Spatial Data in Text Format

The HARV_PlotLocations.csv file contains x, y (point) locations for study plot where NEON collects data on vegetation and other ecological metrics. We would like to:

Spatial data are sometimes stored in a text file format (.txt or .csv). If the text file has an associated x and y location column, then we can convert it into an sf spatial object. The sf object allows us to store both the x,y values that represent the coordinate location of each point and the associated attribute data - or columns describing each feature in the spatial object.

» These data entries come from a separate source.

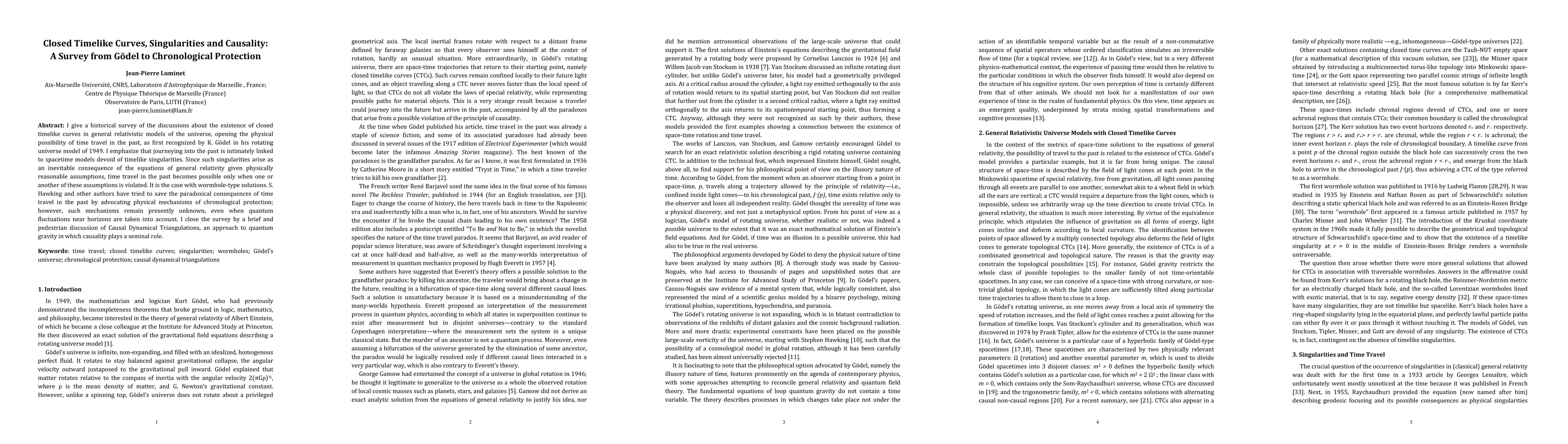 Thumbnail for Closed Timelike Curves, Singularities and Causality: A Survey from
  G\"odel to Chronological Protection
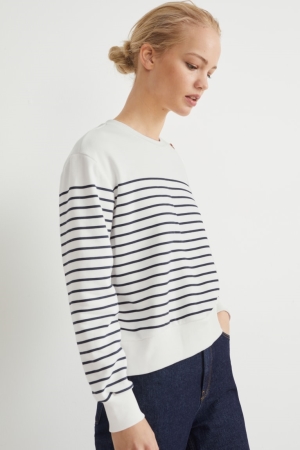 C&A Gestreept Sweatshirts Dames Wit | 5123NBLCX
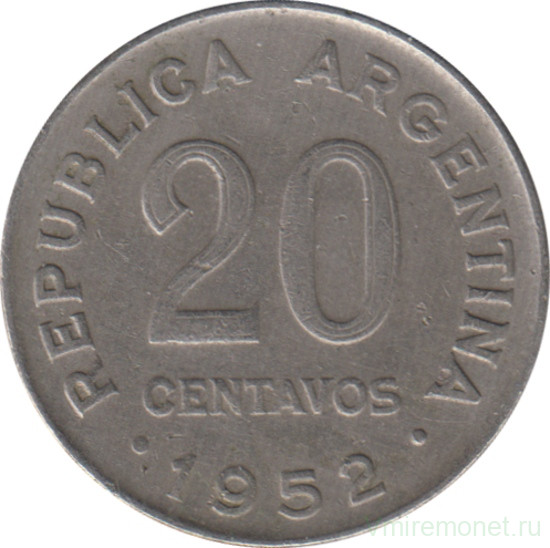 Монета. Аргентина. 20 сентаво 1952 год. Медно-никелевый сплав.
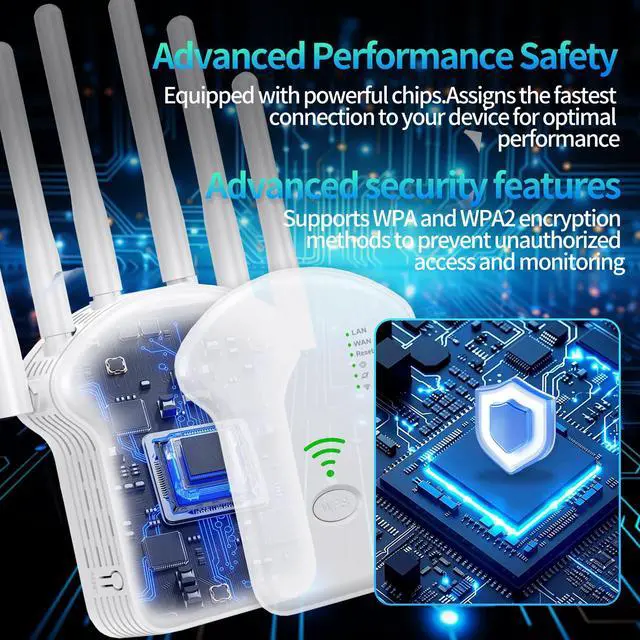 Alt view image 3 of 5 - Generic WiFi Extender, 6 Antenna 360 Coverage, Ultra Stable WiFi Repeater, Up to 11,800 sq. ft., 2 Ethernet Ports (Male)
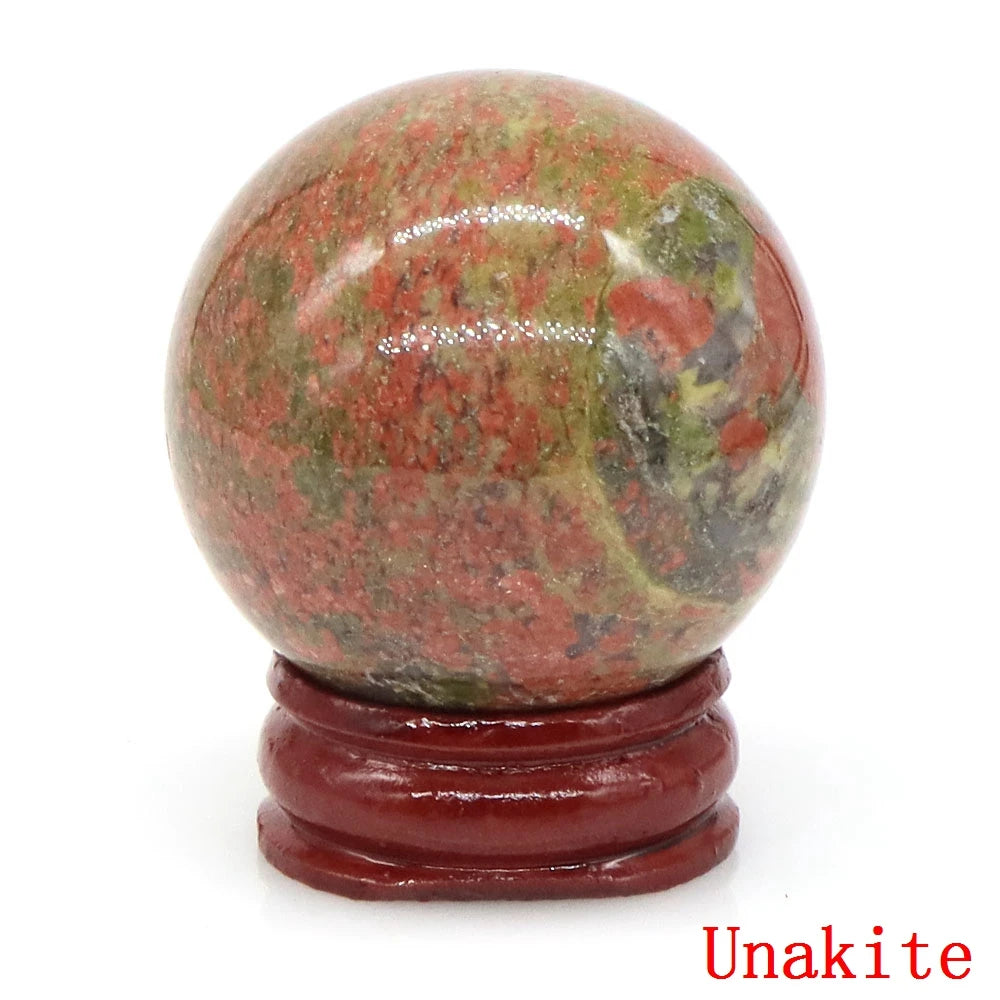 Natural Gemstone Crystal Ball with Stand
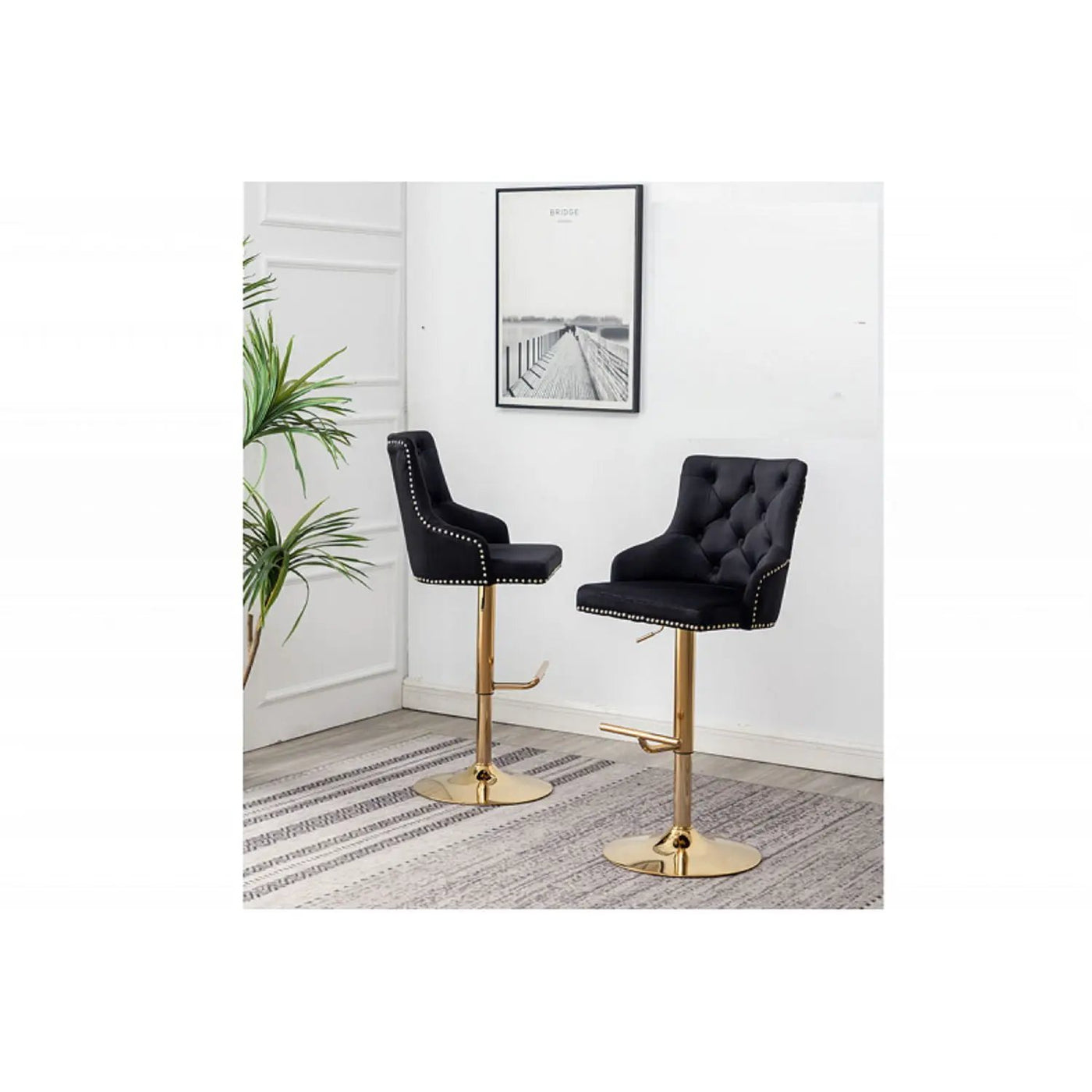 Adjustable Swivel Bar Stool With Nailhead Trim (Set of 2) by Unique Piece Furniture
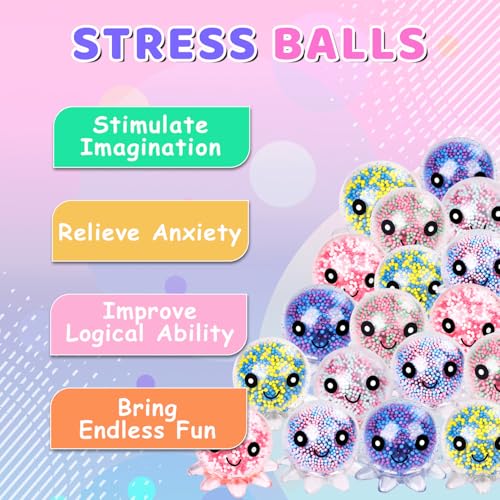 VESPRO 12 Pack Fidget Stress Balls for Adults, Cute Octopus Stress Ball | Features a soft, squeezable texture, Bulk Squishy Squeeze Ball Toys Set for Classroom Prizes and Birthday Party Favors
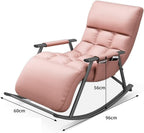 Bedroom Rocking Chair Comfy Chair Ergonomic Design Chair Lounge Chair Recliner for Sunroom Office Lazy Chair Modern Chair,Pink,One Size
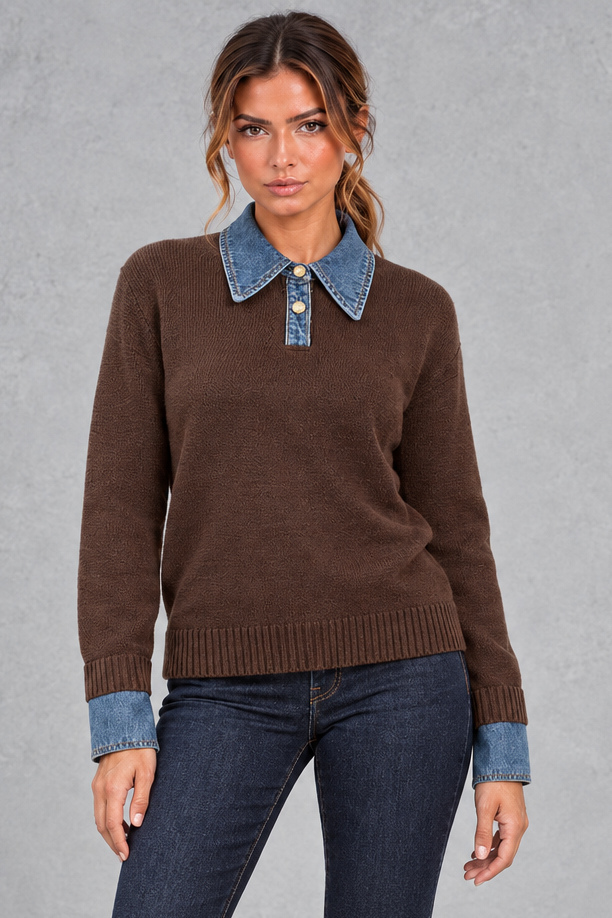 Women's Cotton Knit Sweater – Brown
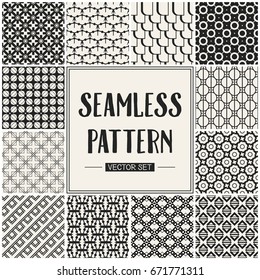Abstract concept vector monochrome geometric pattern. Black and white minimal background. Creative illustration template. Seamless stylish texture. For wallpaper, surface, web design, textile, decor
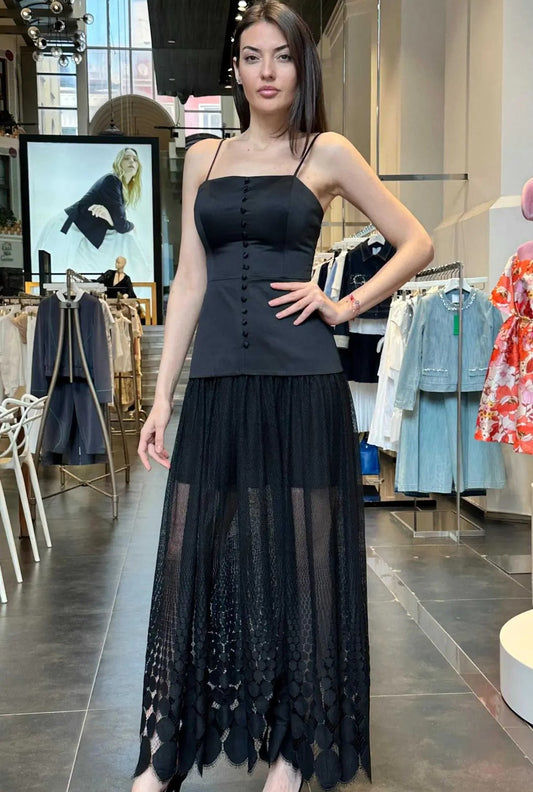 Corset Style Downtail Lace Dress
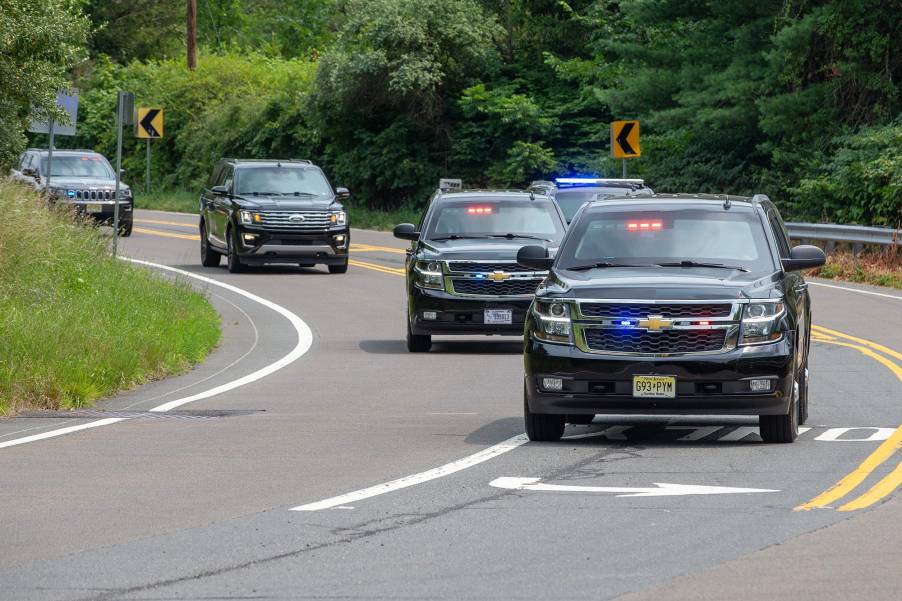 The Presidential Motorcade on the road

We will continue using the sf and raster packages in this episode.

Import .csv

To begin let’s import a .csv file that contains plot coordinate x, y locations at the NEON Harvard Forest Field Site (HARV_PlotLocations.csv) and look at the structure of that new object:

plot_locations_HARV <-
  read.csv("data/NEON-DS-Site-Layout-Files/HARV/HARV_PlotLocations.csv")

str(plot_locations_HARV)
'data.frame':	21 obs. of  16 variables:
 $ easting   : num  731405 731934 731754 731724 732125 ...
 $ northing  : num  4713456 4713415 4713115 4713595 4713846 ...
 $ geodeticDa: Factor w/ 1 level "WGS84": 1 1 1 1 1 1 1 1 1 1 ...
 $ utmZone   : Factor w/ 1 level "18N": 1 1 1 1 1 1 1 1 1 1 ...
 $ plotID    : Factor w/ 21 levels "HARV_015","HARV_033",..: 1 2 3 4 5 6 7 8 9 10 ...
 $ stateProvi: Factor w/ 1 level "MA": 1 1 1 1 1 1 1 1 1 1 ...
 $ county    : Factor w/ 1 level "Worcester": 1 1 1 1 1 1 1 1 1 1 ...
 $ domainName: Factor w/ 1 level "Northeast": 1 1 1 1 1 1 1 1 1 1 ...
 $ domainID  : Factor w/ 1 level "D01": 1 1 1 1 1 1 1 1 1 1 ...
 $ siteID    : Factor w/ 1 level "HARV": 1 1 1 1 1 1 1 1 1 1 ...
 $ plotType  : Factor w/ 2 levels "distributed",..: 1 2 2 2 2 2 2 2 2 2 ...
 $ subtype   : Factor w/ 1 level "basePlot": 1 1 1 1 1 1 1 1 1 1 ...
 $ plotSize  : int  1600 1600 1600 1600 1600 1600 1600 1600 1600 1600 ...
 $ elevation : num  332 342 348 334 353 ...
 $ soilTypeOr: Factor w/ 2 levels "Histosols","Inceptisols": 2 2 2 1 2 1 1 2 2 1 ...
 $ plotdim_m : int  40 40 40 40 40 40 40 40 40 40 ...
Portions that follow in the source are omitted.